Abstract question: When importing a record (= table row) from some programs to a database, I sometimes want to only import the record if and only if the record isn't already present in the database, based on some unique identifier. Is it preferable to:
- first query the database to check whether the record with the same identifier is already present in the database, and if not, insert the record,
- or add some unicity constraint in the database, then try to insert the record, surrounded by some try ... catch
?
Concrete example: I have a data file containing a list of users. For each user I have a first name and last name. I assume that two people may not have the same name. I want to write a Python script that inserts the data in a PostgreSQL table, whose columns are userid (auto-incremented primary key), first_name (text), and last_name (text).

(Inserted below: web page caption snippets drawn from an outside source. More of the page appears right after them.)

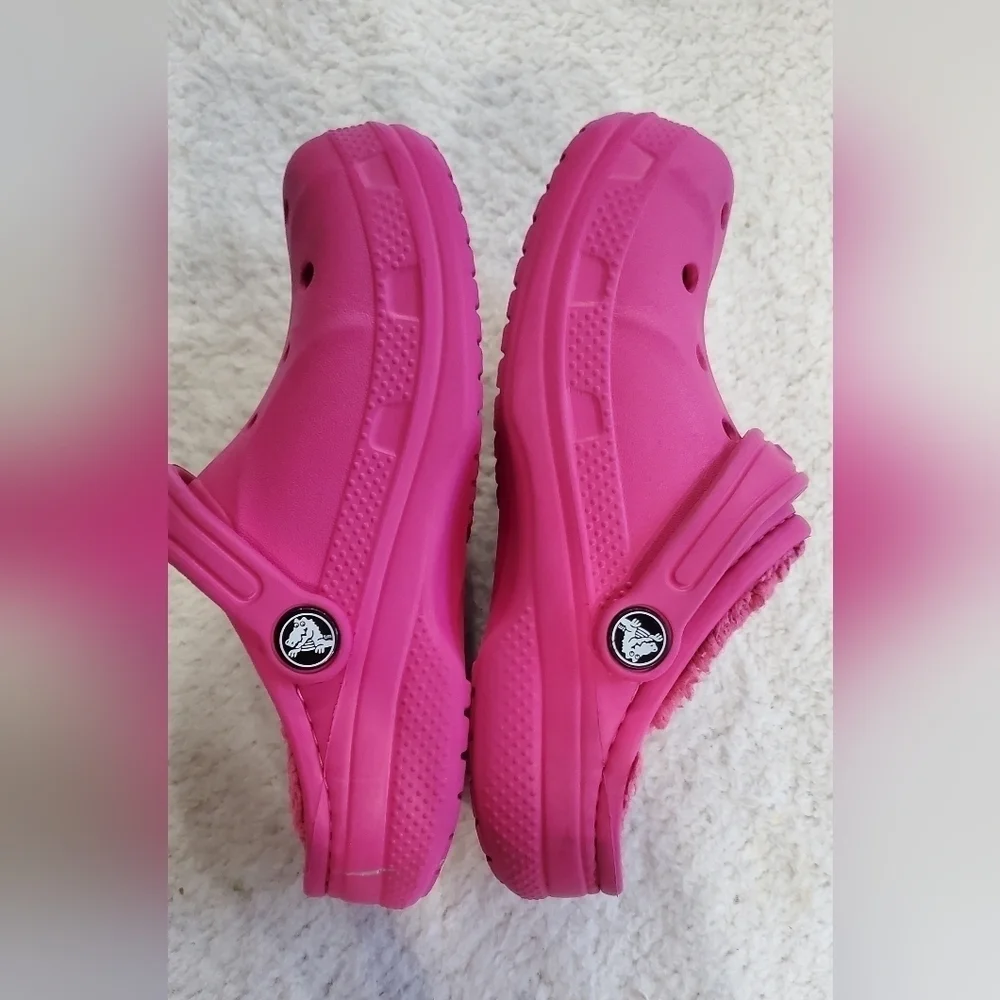 Crocs Classic Lined‎ Hot pink Girls Clogs Size 1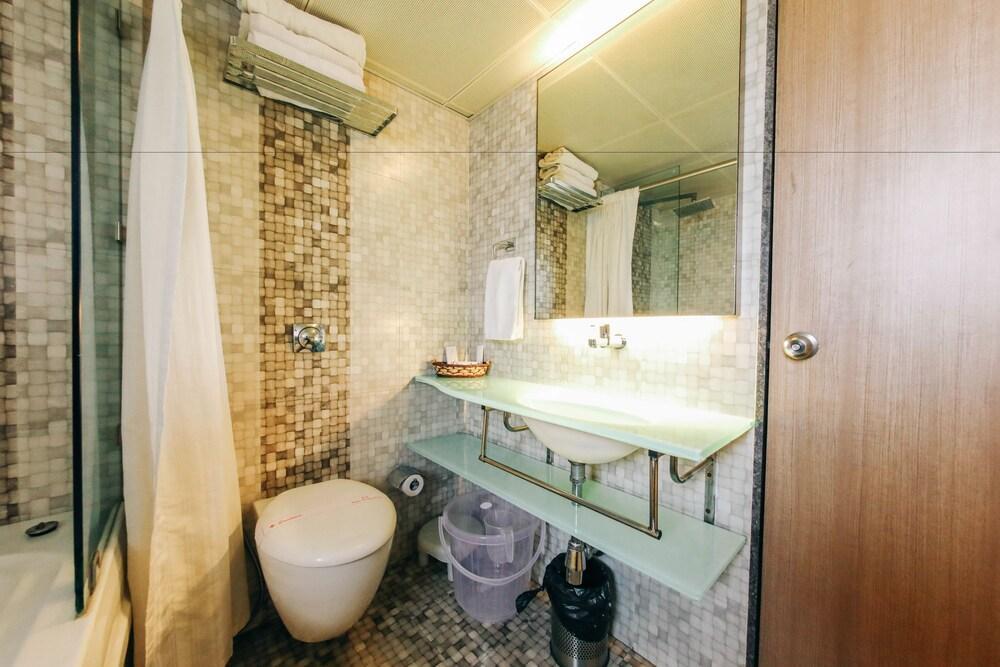 Hostel Mumbai By Maharana Inn Exteriör bild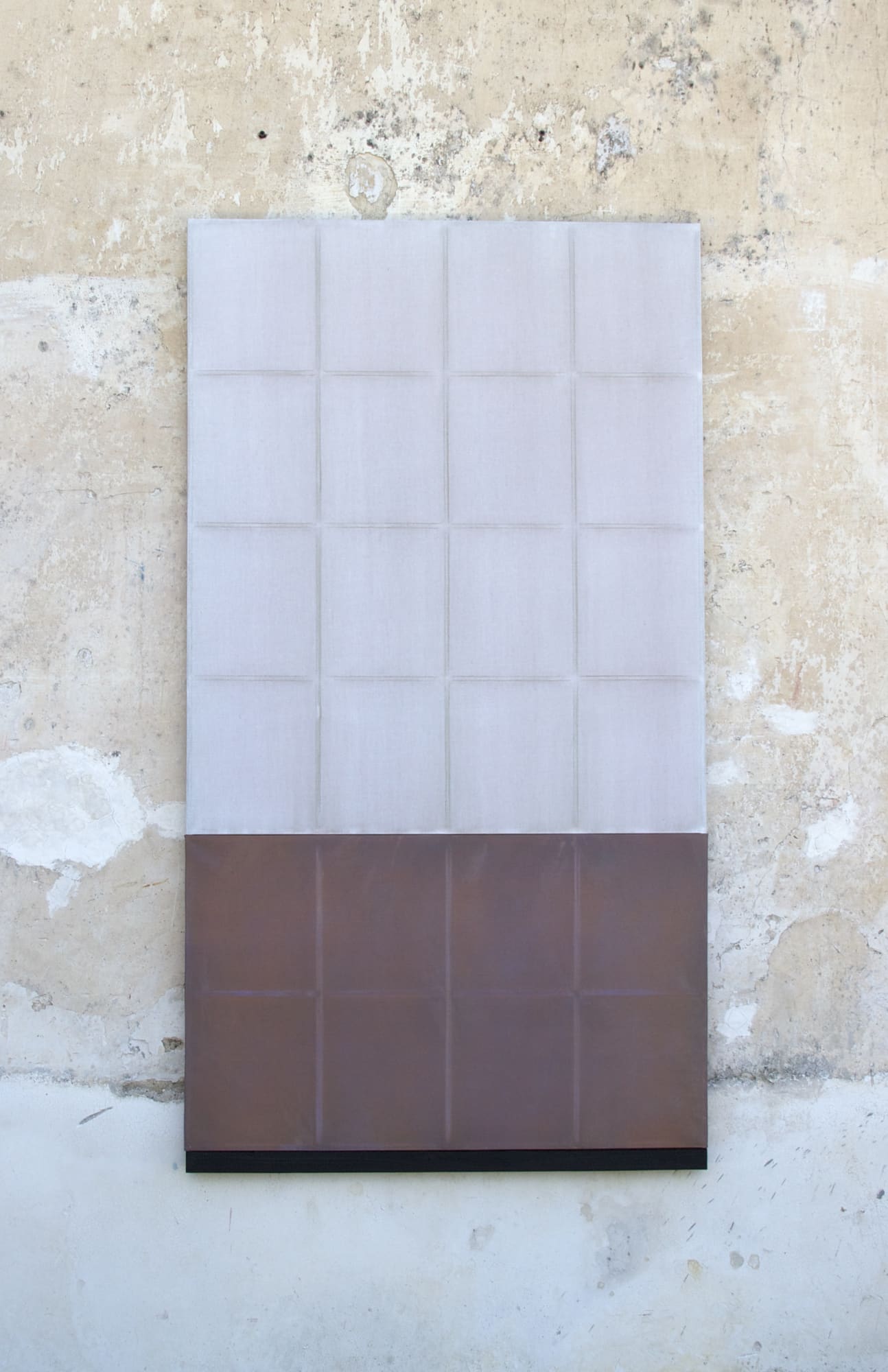 James Hillman Leda and the Swan, 2016 Acrylic and rabbit skin glue on linen with willow/steel subframe 162 x 88 x 6 cm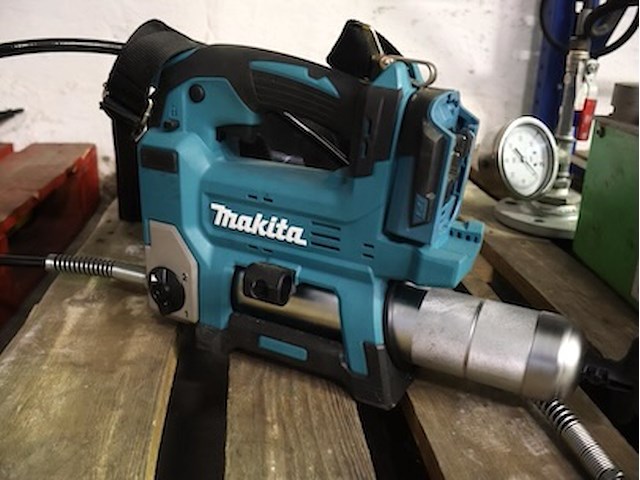 Makita vetpomp - afbeelding 1 van  5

I want to insert the user John Doe. Is it preferable to:
- first query the database to check whether the record with the same record is already present in the database, and if not, insert the record, e.g.: - sql = "SELECT COUNT(*) cnt FROM users WHERE first_name = 'John' AND last_name`= 'Doe'" data = pd.read_sql_query(sql, connection) if data['cnt'][0]==0: sql = "INSERT INTO users (first_name, last_name) values ('John','Doe')" cursor.execute(sql) connection.commit()
- or add some unicity constraint in the database (on - (first_name, last_name)), then try to insert the record, surrounded by some- try … catch, e.g."- try: sql = "INSERT INTO users (first_name, last_name) values ('John','Doe')" cursor.execute(sql) connection.commit() except: print('The user is already present in database')
?